Zack Polanski is no stranger to magical thinking. Back in 2013, long before he became leader of the Green party, he claimed that hypnosis could increase breast cup size. He later apologised, admitting he had failed to recognise “that issues of misogyny and women’s body confidence exist in society”. But that magical thinking — the feeling that the world can be reshaped if you only say the right words — has lingered. In him. And through his Party.
Polanski insists his party is inclusive. Only the other week he declared it a “broad church”— though he did add, with a telling caveat, that “even churches have walls”. He might have thought he was being artful, but the soundbite was revealing. There’s a darker story currently playing out within the Green church: there are views that are tolerated, and views that aren’t. Indeed, over the past five years, the Greens have built walls high enough to shut out dozens of their own members — many of them women — whose only crime was to hold gender-critical views.
This week, Polanski is trumpeting a triumphant conference: “It’s exceeded my expectations,” he said, counting all his new members. Presumably, though, this doesn’t include those his party has cancelled, including the women’s rights group Green Women’s Declaration (GWD) who were turned away at the door. Their booking for a conference stall was cancelled, something that has been described as undemocratic and discriminatory — as well as being anti-women. But little of this makes it into the public realm.

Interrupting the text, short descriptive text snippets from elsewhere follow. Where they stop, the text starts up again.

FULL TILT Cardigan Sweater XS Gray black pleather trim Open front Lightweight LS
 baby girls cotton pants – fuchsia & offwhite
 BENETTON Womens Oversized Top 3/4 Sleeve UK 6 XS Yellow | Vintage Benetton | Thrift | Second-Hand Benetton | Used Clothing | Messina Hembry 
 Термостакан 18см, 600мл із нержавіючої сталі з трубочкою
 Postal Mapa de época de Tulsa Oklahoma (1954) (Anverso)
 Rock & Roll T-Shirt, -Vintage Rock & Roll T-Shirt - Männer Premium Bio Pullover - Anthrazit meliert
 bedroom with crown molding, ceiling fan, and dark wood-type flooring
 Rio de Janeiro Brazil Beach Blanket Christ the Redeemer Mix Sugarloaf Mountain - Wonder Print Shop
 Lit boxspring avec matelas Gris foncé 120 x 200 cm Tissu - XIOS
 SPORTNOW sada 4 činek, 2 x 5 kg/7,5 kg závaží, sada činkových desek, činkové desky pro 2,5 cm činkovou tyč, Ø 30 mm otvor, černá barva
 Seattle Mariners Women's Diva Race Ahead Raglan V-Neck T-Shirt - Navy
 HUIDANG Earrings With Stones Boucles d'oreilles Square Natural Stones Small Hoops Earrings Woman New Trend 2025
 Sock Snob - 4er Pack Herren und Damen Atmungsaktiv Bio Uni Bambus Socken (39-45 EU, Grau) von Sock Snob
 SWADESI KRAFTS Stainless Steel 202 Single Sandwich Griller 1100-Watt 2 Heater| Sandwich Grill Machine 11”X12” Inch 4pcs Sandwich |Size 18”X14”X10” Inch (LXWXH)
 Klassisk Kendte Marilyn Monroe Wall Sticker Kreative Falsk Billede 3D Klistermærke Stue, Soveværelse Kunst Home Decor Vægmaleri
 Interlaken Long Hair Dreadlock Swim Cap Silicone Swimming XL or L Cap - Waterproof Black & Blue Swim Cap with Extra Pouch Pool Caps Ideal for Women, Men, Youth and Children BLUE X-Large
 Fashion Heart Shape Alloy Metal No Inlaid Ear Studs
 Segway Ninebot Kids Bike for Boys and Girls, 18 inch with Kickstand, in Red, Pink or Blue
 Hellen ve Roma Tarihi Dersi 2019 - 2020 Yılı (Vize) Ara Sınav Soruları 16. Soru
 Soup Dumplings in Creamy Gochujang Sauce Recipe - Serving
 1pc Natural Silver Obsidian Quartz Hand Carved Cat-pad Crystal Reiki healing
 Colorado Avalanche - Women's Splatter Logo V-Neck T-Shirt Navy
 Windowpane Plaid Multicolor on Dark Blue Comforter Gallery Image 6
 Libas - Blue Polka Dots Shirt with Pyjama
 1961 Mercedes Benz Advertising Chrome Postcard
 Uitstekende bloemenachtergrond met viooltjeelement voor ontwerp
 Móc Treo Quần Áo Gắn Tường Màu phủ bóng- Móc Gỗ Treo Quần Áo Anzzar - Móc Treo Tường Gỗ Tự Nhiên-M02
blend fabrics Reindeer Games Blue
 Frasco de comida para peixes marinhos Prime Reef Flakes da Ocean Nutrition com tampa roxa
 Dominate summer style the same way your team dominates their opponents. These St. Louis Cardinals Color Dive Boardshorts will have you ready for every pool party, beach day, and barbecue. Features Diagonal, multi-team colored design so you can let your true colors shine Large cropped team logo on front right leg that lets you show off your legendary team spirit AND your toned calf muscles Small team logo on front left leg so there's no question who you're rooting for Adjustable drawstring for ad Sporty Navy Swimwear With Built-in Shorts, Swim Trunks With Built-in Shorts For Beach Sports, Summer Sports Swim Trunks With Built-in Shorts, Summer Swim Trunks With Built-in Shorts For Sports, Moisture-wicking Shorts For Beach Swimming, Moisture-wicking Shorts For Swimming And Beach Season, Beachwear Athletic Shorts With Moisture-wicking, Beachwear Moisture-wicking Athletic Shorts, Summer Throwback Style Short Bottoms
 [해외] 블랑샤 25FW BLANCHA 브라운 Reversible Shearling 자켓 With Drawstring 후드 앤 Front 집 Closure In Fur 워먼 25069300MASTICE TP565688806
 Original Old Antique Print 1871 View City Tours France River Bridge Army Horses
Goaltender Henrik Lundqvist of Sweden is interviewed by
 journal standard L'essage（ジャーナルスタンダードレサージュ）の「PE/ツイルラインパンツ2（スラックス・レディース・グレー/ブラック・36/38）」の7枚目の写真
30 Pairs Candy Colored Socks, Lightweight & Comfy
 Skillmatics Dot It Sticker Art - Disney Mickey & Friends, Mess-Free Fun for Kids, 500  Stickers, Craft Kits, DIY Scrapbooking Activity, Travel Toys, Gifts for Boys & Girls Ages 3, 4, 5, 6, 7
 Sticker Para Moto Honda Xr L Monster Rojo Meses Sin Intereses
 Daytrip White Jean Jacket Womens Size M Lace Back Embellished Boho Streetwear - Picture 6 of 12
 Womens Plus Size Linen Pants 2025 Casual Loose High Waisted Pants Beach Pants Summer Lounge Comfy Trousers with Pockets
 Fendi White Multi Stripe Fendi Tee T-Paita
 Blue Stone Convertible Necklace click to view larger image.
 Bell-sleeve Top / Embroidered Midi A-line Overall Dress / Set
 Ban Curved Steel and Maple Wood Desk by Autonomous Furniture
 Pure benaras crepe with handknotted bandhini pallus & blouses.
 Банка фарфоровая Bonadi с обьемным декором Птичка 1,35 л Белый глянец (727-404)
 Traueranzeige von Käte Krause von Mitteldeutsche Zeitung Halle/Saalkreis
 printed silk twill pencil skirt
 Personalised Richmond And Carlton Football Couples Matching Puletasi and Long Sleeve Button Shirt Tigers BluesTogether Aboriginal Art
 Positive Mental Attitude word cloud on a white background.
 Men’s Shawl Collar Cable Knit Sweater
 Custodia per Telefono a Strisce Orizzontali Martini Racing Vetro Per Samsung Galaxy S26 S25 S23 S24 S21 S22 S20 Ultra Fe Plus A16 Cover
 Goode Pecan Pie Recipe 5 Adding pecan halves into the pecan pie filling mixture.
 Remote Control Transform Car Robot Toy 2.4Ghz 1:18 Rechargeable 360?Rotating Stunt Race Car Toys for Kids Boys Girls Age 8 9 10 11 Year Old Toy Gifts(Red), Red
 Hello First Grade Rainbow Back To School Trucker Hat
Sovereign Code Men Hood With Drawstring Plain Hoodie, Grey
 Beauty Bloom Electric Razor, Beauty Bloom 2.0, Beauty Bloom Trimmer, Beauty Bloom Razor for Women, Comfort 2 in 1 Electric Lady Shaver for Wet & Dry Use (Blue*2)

My investigation tells the story of those people: the women who joined the Greens to fight for a “fairer greener future”, only to find themselves denounced, gagged and expelled. I have discovered an atmosphere of intimidation where safeguarding failures are ignored and political heresies are punished.
What emerges from it all is a portrait of a party in the grip of magical thinking. The Green Party still claims to be the radical conscience of British politics. But for many of those it has expelled, the truth is far more troubling.